David Buko

Personal information
- Full name: David Buko
- Born: 19 March 1972 Goroka, Papua New Guinea
- Died: 21 January 2002 (aged 29) Goroka, Papua New Guinea

Playing information
- Position: Fullback, Wing
Club
| Years | Team | Pld | T | G | FG | P |
|  | Goroka Lahanis |  |  |  |  |  |
| 1999 | Western Suburbs | 8 | 2 | 0 | 0 | 8 |
|  | Total | 8 | 2 | 0 | 0 | 8 |
Representative
| Years | Team | Pld | T | G | FG | P |
|  | Northern Zone |  |  |  |  |  |
| 1993–01 | Papua New Guinea | 12 | 5 | 3 | 0 | 26 |
- Source: As of 29 January 2019

= David Buko =

Papua New Guinea international rugby league footballer

David Buko (1972–2002) was a Papua New Guinean professional rugby league footballer who represented Papua New Guinea in the 1995 and 2000 World Cups.

==Playing career==
Buko began his career in the early 1990s and represented Northern Zone before first making the national side in 1993 after helping the Goroka Lahinis win the SP Cup grand final. He played for the national side in both the 1995 and 2000 World Cups.

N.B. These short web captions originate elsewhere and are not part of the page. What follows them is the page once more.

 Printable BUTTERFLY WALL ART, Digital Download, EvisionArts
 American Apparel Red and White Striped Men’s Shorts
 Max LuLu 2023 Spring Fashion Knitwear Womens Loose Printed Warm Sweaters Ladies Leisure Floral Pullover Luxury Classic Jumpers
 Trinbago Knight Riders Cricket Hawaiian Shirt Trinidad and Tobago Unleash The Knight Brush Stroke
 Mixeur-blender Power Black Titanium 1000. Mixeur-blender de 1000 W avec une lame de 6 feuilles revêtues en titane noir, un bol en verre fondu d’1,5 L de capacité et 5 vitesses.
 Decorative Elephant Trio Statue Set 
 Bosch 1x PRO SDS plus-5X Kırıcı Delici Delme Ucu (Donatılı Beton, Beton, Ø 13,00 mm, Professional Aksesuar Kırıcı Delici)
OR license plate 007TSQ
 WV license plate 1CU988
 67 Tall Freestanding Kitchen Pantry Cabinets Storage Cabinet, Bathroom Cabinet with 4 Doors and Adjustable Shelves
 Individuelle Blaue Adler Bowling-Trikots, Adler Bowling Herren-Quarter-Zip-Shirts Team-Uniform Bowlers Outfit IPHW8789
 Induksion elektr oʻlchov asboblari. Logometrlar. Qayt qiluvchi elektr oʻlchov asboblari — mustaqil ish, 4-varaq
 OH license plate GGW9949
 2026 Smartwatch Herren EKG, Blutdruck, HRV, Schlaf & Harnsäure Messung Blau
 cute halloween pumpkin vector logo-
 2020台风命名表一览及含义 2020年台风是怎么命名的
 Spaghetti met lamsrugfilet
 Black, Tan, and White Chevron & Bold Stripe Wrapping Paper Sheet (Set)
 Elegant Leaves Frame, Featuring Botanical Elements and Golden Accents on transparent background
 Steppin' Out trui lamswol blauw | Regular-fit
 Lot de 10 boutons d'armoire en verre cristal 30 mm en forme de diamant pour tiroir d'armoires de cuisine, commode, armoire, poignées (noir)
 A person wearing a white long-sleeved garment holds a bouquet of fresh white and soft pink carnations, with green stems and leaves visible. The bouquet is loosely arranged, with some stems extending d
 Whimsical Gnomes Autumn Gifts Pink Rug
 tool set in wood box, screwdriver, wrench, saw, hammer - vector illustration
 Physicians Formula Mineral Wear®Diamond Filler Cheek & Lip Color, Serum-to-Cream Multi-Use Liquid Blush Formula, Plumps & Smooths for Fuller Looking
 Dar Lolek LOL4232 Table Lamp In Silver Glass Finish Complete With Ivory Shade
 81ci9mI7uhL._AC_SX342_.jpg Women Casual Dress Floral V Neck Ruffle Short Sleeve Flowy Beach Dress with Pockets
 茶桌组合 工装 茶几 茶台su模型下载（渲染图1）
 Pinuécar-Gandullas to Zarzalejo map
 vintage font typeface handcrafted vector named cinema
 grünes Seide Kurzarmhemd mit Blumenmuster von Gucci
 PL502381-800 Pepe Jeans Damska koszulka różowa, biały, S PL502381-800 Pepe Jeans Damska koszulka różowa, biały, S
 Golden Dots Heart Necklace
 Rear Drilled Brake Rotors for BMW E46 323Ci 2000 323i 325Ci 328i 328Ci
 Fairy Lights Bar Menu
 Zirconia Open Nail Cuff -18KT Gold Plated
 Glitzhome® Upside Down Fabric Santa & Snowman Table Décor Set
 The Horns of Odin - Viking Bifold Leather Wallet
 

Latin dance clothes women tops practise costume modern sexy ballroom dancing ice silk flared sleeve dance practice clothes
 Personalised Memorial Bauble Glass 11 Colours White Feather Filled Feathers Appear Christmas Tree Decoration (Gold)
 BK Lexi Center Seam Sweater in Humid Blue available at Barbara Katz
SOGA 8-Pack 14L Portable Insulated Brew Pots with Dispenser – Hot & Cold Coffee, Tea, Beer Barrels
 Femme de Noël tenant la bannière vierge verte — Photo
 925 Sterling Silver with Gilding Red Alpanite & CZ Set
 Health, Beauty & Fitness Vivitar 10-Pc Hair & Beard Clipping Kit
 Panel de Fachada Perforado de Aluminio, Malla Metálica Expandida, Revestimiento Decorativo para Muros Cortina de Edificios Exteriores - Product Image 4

In 1999, Buko joined the Western Suburbs Magpies, playing in eight games at both wing and fullback. Buko played in the club's final ever game as a first grade side which was a 60-16 loss against Auckland at Campbelltown Stadium. The club merged with Balmain in 2000 to form the Wests Tigers and Buko was not retained, instead playing in Wagga.

Buko returned to Papua New Guinea and again played for the Goroka Lahinis and the national side. In the 2001 series against France his form was so impressive that the Limoux Grizzlies offered him a contract.

Buko played a total of 17 matches for Papua New Guinea between 1993 and 2001.

Buko died in January 2002, he had contracted typhoid in 2001 and had chronic fever at the time of his death.